BEGIN DATA FOR THIS TASK
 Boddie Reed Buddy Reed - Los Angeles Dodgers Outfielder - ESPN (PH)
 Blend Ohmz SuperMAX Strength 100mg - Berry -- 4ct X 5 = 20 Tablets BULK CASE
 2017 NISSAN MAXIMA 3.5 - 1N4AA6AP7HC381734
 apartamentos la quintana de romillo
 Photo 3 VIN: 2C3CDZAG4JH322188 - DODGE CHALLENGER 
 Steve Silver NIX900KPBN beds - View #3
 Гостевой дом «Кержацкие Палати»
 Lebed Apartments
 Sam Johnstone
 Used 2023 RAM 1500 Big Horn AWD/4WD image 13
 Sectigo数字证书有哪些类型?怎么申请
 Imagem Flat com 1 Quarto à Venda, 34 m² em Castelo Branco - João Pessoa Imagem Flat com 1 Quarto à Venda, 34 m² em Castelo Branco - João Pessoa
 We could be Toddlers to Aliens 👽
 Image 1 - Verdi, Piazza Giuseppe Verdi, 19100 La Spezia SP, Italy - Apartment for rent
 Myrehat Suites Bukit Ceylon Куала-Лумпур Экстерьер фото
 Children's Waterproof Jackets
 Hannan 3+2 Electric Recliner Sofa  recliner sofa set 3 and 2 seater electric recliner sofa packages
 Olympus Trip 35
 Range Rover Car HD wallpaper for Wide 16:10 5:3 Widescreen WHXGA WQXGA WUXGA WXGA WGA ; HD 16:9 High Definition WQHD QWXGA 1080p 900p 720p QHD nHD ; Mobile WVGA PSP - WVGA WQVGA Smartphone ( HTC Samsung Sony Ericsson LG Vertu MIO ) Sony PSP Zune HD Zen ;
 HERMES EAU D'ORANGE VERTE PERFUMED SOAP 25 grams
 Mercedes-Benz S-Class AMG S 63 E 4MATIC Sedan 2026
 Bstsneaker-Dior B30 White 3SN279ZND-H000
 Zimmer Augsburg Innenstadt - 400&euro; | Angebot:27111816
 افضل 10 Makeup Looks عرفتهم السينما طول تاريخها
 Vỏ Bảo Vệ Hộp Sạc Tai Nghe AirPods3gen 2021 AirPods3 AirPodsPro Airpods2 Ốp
END DATA FOR THIS TASK
Only a word-for-word repetition of the lines from the one containing "Mercedes-Benz S-Class AMG" to the final line of the data above counts as the answer.

» ANSWER FOR THE TASK:
 Mercedes-Benz S-Class AMG S 63 E 4MATIC Sedan 2026
 Bstsneaker-Dior B30 White 3SN279ZND-H000
 Zimmer Augsburg Innenstadt - 400&euro; | Angebot:27111816
 افضل 10 Makeup Looks عرفتهم السينما طول تاريخها
 Vỏ Bảo Vệ Hộp Sạc Tai Nghe AirPods3gen 2021 AirPods3 AirPodsPro Airpods2 Ốp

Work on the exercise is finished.